Be really cautious of how you handle his crying. A lot of the advice you’ll read on crate training is to let them cry it out, and for a typical puppy it works. For a puppy with an anxiety problem, every time you let him cry it out, it reinforces his anxiety. It could be a lot of things, but one possibility is that he reacted to a noise or other problem you couldn’t see or that has since resolved, but that pattern in behavior remained. On the other hand, you don’t want to jump in and rescue him, which can also reinforce anxiety, so it becomes about actively developing replacement behaviors. Addressing it requires helping him learn to be okay by himself, and that means a systematic program of gradually increasing the distance between yourself and your puppy, and increasing it as he stays calm. For your own sake, work on this during the day! If he’s already doing great with it during the day, I’d refer back to the behaviorist, take video, etc. because something else might be going on. 

I didn’t have a nighttime problem since ours sleeps in our bedroom. If it has been going on for weeks, I think that’s kind of the danger zone where each time it’s repeating itself it’s compounding the problem, so you need to interrupt that somehow. But if you are opposed to him sleeping on you bed, i wouldn’t let him start now. There are a lot of ways you could probably do that, though. I know some people have left the puppy where he will sleep and have moved to sleep near the puppy for a short time. If you can sleep on the sofa or something for a couple of nights and intensely work on separation during the day, then you could return to your bedroom as his anxiety improves during the day. You could also try moving his crate (or expen if you go that route instead) so he’s in line of sight of the bedroom, then moving it gradually to its permanent location as his daytime anxiety improves. Or move his crate into the bedroom, just inside the door, and then gradually move it out. 

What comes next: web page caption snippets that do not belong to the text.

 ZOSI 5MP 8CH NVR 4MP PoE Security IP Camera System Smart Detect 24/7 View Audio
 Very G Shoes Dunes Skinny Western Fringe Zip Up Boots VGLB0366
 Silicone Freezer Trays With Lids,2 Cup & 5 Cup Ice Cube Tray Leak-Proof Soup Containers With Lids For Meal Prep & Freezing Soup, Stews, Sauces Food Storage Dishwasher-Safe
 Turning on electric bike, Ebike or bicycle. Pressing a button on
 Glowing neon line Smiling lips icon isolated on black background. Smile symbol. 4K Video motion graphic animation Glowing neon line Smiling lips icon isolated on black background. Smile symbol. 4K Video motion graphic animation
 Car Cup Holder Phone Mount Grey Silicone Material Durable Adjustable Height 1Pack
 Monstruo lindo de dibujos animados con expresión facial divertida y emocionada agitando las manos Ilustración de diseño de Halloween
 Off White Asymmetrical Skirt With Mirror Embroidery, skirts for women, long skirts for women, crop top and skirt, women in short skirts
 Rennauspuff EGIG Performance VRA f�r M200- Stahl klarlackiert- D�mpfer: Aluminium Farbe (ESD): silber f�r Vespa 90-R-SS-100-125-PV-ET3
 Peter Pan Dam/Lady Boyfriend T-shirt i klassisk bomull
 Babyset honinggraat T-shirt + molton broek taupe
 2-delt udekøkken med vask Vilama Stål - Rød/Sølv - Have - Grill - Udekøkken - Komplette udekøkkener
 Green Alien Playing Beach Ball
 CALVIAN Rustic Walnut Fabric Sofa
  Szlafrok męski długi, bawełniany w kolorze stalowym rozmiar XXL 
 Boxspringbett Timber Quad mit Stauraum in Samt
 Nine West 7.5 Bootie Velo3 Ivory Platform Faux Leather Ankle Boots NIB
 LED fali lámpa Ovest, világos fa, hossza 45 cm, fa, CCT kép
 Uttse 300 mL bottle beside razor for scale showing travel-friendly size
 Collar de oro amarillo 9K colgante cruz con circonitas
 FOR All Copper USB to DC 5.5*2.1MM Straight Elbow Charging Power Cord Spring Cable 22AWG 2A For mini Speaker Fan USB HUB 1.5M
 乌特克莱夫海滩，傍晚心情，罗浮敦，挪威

Definitely talk with the behaviorist about whether or not crating is the best option for containing him. I think crate training is great, but it didn’t work out for us in part because of anxiety, although I don’t think he directly associated the crate with trauma and we could have worked through it if we hadn’t found other confinement methods worked better for us. Don’t feel bad if it doesn’t work out, it’s not the only way.


----------



## mudpuppymama (Mar 24, 2012)

Yde said:


> Thanks! Yes, going to bring the crate back into the bedroom. He was doing fine in the living room for the past few weeks. No idea why the sudden change.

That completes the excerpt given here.